I’m finally over being sick. It was a rough last week. My
body just doesn’t “bounce back” like it used to. I remember when I was younger
I would be sick one day, and healthy as ever the next. Same went for being
hungover. Back in my early twenties it was nothing for me to stay out all
night, getting wasted, and then be fully functional at work the next morning.
Of course, I don’t really drink too much anymore. I also don’t
smoke anymore. I quit smoking a little over a year ago. I started when I was 14
years old and stopped when I was 34, so 20 years of smoking was about all I
could handle. Not to mention the financial burden it was causing me. A person
damn near needs to take out a loan in order to buy cigarettes these days. I was
at the gas station the other day and there was a sign for Marlboro cigarettes
that read: “Special Sale Price - $7.09!” Seven
dollars for a pack of cigarettes?!
I was watching Garden
State with my wife on Christmas night (it’s her all-time favorite movie)
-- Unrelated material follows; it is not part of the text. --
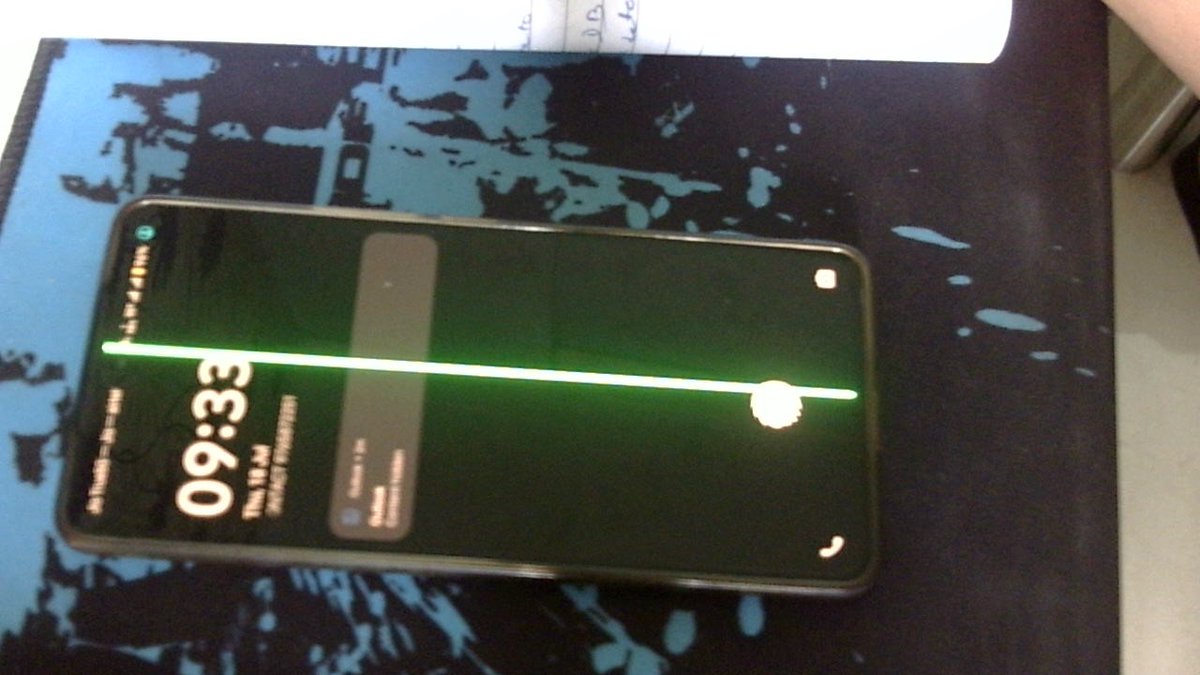 vrushalrt's tweet photo. Hey, @IqooInd @Vivo_India After updating my iQOO 9T, a green line appeared on the screen. My device is 1.7 years old and out of warranty. Despite spending 50K on the device, it did not meet the promised quality.

Can you assist with this issue? https://t.co/hkKEMCtRWv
and although I had seen it a few times before there was something about the
movie that stuck with me during this viewing. I must have thought about this before while
watching the movie, but this time it just stuck with me. The theme of the movie
is acceptance of life as it is and enjoying it for what it is. The main
character tells his dad that he has “spent 26 years waiting for something else
to start,” but what he realizes is that this is all he has. There’s nothing
else out there. He decides to just start living his life for the enjoyment of
what it is, rather than working towards an unattainable goal that’s going to
make him miserable in the process.
I guess the reason why this is staying with me more these
days is because I have been thinking a lot about the dreams I had when I was
younger. I wanted so badly to be an actor. I always thought I would be and make
a living doing what I loved to do, entertaining people. Now I’m 35 years old
and a finance manager – the dream is long gone. It used to sadden me, but it
doesn’t anymore. I have accepted the fact that I wasn’t able to be an actor like
I had wanted. I wasn’t able to make a living entertaining people. But it’s
okay. This is my life and I better
enjoy what I do have and what I am, because the other option is to be miserable
about a life that I don’t have.
It’s kind of interesting how a movie can have such an
impact. Good thing we weren’t watching my all-time favorite movie, Pulp Fiction, otherwise I might be
wandering the Earth like Caine in Kung Fu.